İKTİDAR, KAŞIKLA VERDİĞİNİ KEPÇEYLE ALMIŞ OLACAK: Üstelik Öğretmenlik Meslek Kanunu adı altında öğretmenleri yeni sıfatlarla ayrıştıran iktidarın açıkladığı bu vergi dilimi, uzmanlık unvanını alan meslektaşlarımızı, yılın sonlarına doğru bir üst vergi dilimine girecekleri için daha da mağdur edecek; iktidar onlara kaşıkla verdiğini yine kepçeyle almış olacaktır. Sözde yetkili sarı sendikaların memnuniyet ve pişkinlikle karşıladığı vergi adaletsizliğinin iç yüzü budur.
BU SOYGUNU KABUL ETMİYORUZ: Bu soygunu kabul etmiyoruz. İnsanca koşullarda çalışarak, insanlık onuruna yaraşır ücretler alarak, adil bir vergilendirme çerçevesinde vergi ödemek istiyoruz. Dünyada ‘Başöğretmen’ unvanlı bir liderin kurduğu tek ülke olan Türkiye Cumhuriyeti’nde eğitim emekçilerinin aldığı sefalet ücretini kabul etmiyoruz. Eğitim emekçisinin evine boynu bükük, sınıfına düşünceli girdiği bir sistemde eğitimden de gelecekten de bahsedilemeyeceğinin altını çiziyoruz. Tüm kamu çalışanları için vergi diliminin yüzde 15’te sabitlenmesi gerektiğini, aksinin vergi adaletsizliğini daha da büyüteceğini vurguluyoruz.

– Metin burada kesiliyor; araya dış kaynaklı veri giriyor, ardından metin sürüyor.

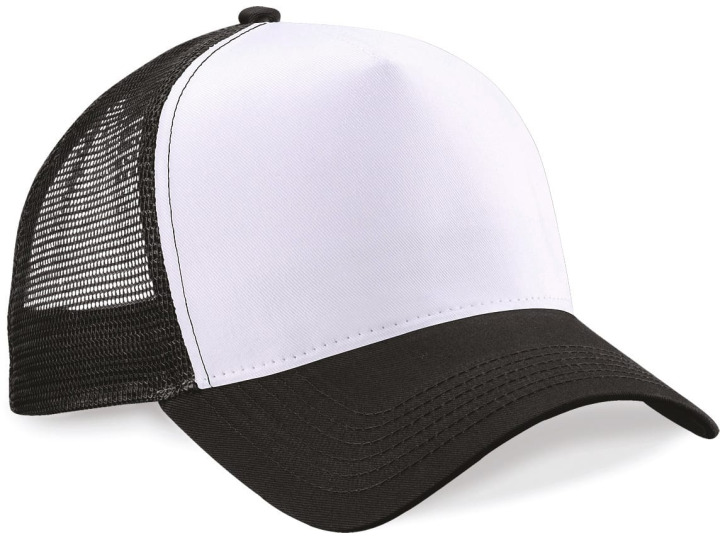 B640  Casquette américaine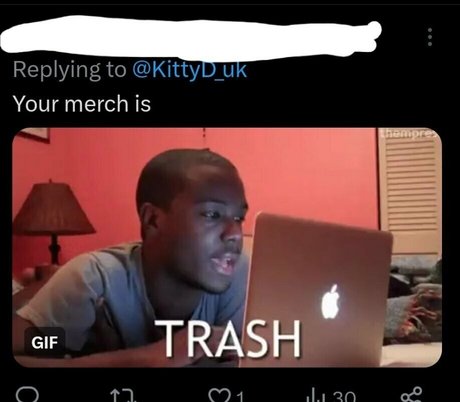 thatyellowkitty free model galleries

EKMEĞİMİZİ AKP VE TÜİK DEĞİL, MÜCADELEMİZ BELİRLEYECEK: Tarafsızlığını korumayarak, siyasi iktidardan emir alarak rakamlar üzerinde oynayan ve sahte enflasyon oranıyla aşımıza ekmeğimize el koyulmasına alet olan TÜİK, yıllık enflasyon oranını yüzde 64,2 olarak açıkladı. Ülkedeki ekonomik krizi, açlığı, yoksulluğu ve enflasyonu yok sayan AKP iktidarı ve TÜİK utanmasa ‘Bu ülkede enflasyon yok’ diyecek ama biz emekçiler, halkı kandıranları, halkın sofrasındaki ekmeği, zeytini çalanları, halkın ulaşım hakkını, çocuklarının eğitim hakkını, sağlık hakkını gasp edenleri, iktidarın borazanlığından, tetikçiliğinden öteye geçmeyenleri asla unutmayacağız. Kamu emekçilerini ve yurttaşları açlığa, sefalete mahkum eden enflasyon oranını ve zamları kabul etmiyoruz. Kamu çalışanlarını yoksulluk sınırının altında yaşamaya mahkum eden AKP iktidarının uyguladığı emek karşıtı politikalar karşısında tüm emek örgütlerini, mücadele alanını genişleterek ortak tavır almaya çağırıyoruz. Ekmeğimizi AKP ve TÜİK değil, mücadelemiz belirleyecek.”